Pequenas coisas, como pegar seus brinquedos, limpar seus espaços são as primeiras tarefas que irão prepará-los para o que se segue em suas vidas. Além dos pontos anteriores, cada ação tem uma reação e, embora boas ações não sejam recompensadas, e tem que haver uma espécie de ‘castigo’ quando conhecemos nossos próprios erros, entender a responsabilidade fecha o círculo.

Assim como adquirimos as responsabilidades de educar nossos filhos, eles os terão no futuro com os seus e, se não os tiverem, com primos, amigos, sobrinhos ou qualquer pessoa que amem. Ensinar a responsabilidade individual nos leva a entender que todos temos a responsabilidade de cumprir. Ninguém pode mudar o mundo quando não pode assumir a responsabilidade pelo que vem primeiro.

Mais uma coisa…

Você terá percebido que ao longo de sua vida você fez, disse ou agiu de uma maneira que, no momento você considerou correto e que agora você sabe que não deveria ter feito, dito ou agido. É precisamente este último ponto que queremos compartilhar com você: Ensine-lhes que você é um ser humano. Você é uma pessoa que em algum momento não saberá o que fazer e que pode cometer erros e não há nada de errado com isso.

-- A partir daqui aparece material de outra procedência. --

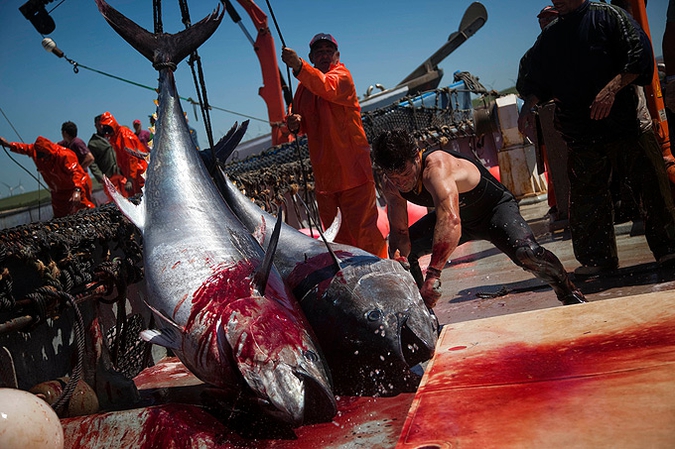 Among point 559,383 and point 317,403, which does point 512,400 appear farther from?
point 317,403

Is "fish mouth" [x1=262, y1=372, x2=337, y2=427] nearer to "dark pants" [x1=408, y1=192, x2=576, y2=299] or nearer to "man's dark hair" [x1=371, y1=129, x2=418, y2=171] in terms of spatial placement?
"man's dark hair" [x1=371, y1=129, x2=418, y2=171]

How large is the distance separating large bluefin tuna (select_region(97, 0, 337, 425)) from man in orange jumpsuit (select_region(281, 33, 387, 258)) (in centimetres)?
170

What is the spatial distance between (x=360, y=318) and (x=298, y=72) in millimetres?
2860

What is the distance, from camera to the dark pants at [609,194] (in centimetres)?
435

Errar é a coisa mais humana que existe. Errar é a coisa mais normal do mundo. Ninguém é ou será perfeito. Sempre ensine com isso em mente, que o que você ensina pode não ser totalmente correto e, portanto, a melhor coisa que você pode fazer para ter sucesso na vida e para que seus filhos sejam boas pessoas é ensinar com humanidade, com dúvida. Ninguém sabe o total das coisas, você não pode concordar com o que expressamos aqui, e tudo bem, ou você pode concordar totalmente conosco e tudo bem também.